RUS-CERT Criticizes Mozilla Security Bugs Policy
Thursday March 11th, 2004
Simon Paquet sent us a link to a German article from the Computer Emergency Response Team of the University of Stuttgart (RUS-CERT) that criticizes Mozilla's security policy.
Simon provides a translation of the key points of the article: "The RUS-CERT criticizes Mozilla's security approach to security leaks. They find fault in the fact that no official security advisories are published by the Mozilla Foundation. Instead security leaks are silently patched and incorporated into newer releases.
"They come to the conclusion, 'At the moment Mozilla is obviously no convincing alternative to the market leader [Microsoft].' In an update to their article, they state that this sentence was interpreted as saying that everyone should refrain from using Mozilla. This is not the case. They only state that Mozilla suffers from the same security problems as all other clients and that the use of Mozilla alone is no solution to those security problems."
"The last major update to the Known Vulnerabilities in Mozilla page was in November."
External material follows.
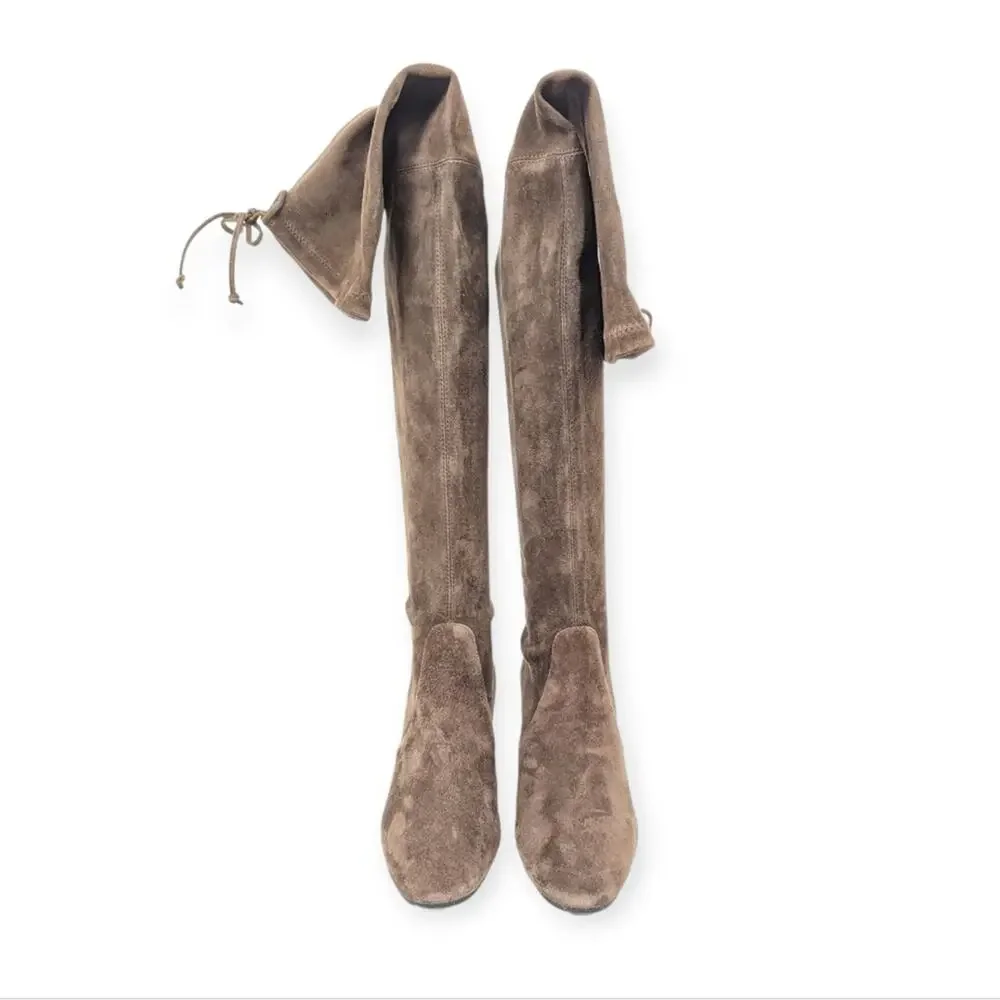 Stuart Weitzman Tieland Boots 4.5 Brown Suede Over Knee Block Heel Luxury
And it's therefore out of date. I'm pretty sure there were security issues in 1.5 that have been fixed in 1.6. According to the policy, those should now be on that page.
"The Mozilla Security Bugs Policy explains how security flaws are handled."
It begins by saying that the first step to improving their handling is to appoint a security module owner, and goes on to say that it's Mitch Stoltz of Netscape, who isn't (AFAIK) around any more, as of when Netscape laid everyone off.